Subject of Silver Alert found dead in Garner
Posted June 6, 2011 12:56 a.m. EDT
Updated June 6, 2011 6:49 p.m. EDT
Garner, N.C. — A man who went missing from an assisted living home in Garner was found dead Monday, police said.
Authorities recovered the body of 62-year-old Dallas Sherwood Stevens around 10:30 a.m. in a small pasture just off N.C. Highway 50 near Timber Drive.
They have not yet determined a cause of death, and the case is still under investigation.
Garner police said Stevens walked away from Aversboro Assisted Living, about a mile away, on Sunday morning. That prompted state authorities to issue a Silver Alert to notify the public about his disappearance.
Developed in 2007, Silver Alert is a system to quickly notify the public about missing endangered adults who suffer from dementia or other cognitive impairments, such as Alzheimer's disease.
Steven's medical condition was unclear.
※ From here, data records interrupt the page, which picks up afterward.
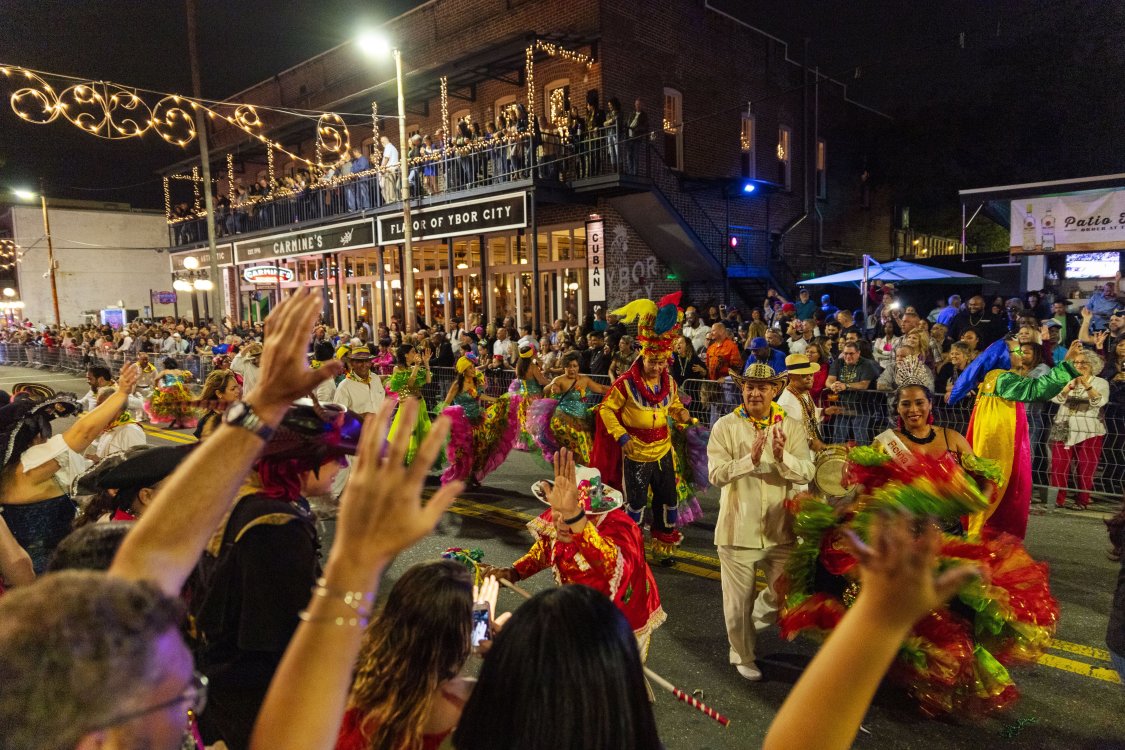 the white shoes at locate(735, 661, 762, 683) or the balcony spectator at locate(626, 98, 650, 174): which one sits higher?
the balcony spectator at locate(626, 98, 650, 174)

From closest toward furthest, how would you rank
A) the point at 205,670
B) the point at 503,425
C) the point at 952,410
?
the point at 205,670
the point at 952,410
the point at 503,425

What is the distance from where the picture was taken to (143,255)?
47.8 meters

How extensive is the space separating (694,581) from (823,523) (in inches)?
83.9

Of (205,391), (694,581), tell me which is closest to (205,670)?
(205,391)

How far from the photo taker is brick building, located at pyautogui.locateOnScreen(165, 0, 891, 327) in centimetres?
1658

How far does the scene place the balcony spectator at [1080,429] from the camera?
7.13m

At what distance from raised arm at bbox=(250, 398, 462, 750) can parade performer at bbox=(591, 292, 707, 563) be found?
16.5ft

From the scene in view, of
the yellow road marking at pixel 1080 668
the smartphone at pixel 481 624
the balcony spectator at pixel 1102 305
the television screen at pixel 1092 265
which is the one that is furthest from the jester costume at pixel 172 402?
the television screen at pixel 1092 265

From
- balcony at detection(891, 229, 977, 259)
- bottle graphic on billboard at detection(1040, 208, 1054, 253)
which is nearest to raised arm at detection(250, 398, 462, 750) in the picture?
bottle graphic on billboard at detection(1040, 208, 1054, 253)

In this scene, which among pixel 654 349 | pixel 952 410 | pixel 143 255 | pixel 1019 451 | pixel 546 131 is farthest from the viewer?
pixel 143 255

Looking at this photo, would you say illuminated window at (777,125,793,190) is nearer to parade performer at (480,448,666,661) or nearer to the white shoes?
the white shoes

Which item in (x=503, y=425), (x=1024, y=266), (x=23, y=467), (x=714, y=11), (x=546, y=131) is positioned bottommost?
(x=503, y=425)

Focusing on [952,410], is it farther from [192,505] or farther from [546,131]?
[546,131]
His family couldn't be reached for comment Monday.
"We’re devastated by this happening, and we really regret that it happened," Deborah Meyer, a spokeswoman for Aversboro Assisted Living said. "We’re doing everything we can to cooperate with Garner police and the Department of Health and Human Services to find out what exactly happened and how to prevent this kind of tragedy from occurring again."
Meyer said residents are allowed to leave and return on their own but are supposed to sign in or out when they do.
"That didn't happen here, but as soon as we realized he was gone without signing out, we immediately began looking for him and immediately notified Garner police," she said.
Police said they received a call around 8:15 a.m. that Stevens had gone missing.
Meyer wouldn't comment about Stevens' case, but at least one resident said he should not have been allowed to leave.
"It didn't have to happen, if they would have been on their job, somebody should have been watching that guy that morning, and he wouldn't have never have left off this compound," resident Ed Moody said.
The state has given the 126-bed facility serving the elderly, patients with Alzheimer's disease, dementia, mental illnesses and developmental disabilities a three-star rating, one of its highest, with two demerits for medication management.
According to Wake County Human Services, over the course of more than a year, from April 2008 to December 2009, the facility received more than a dozen complaints, including failing to provide proper care and supervision to residents.
In one case, a resident who was known to wander left the facility without supervision in May 2008 but he was returned quickly.
"It's still an active ongoing investigation, and there are a lot of questions that have not been answered yet," Garner police Lt. Wayne Moore said. "We don't have a cause of death yet, so there's a lot we're still doing. Just because he's been located doesn't mean our investigation has stopped."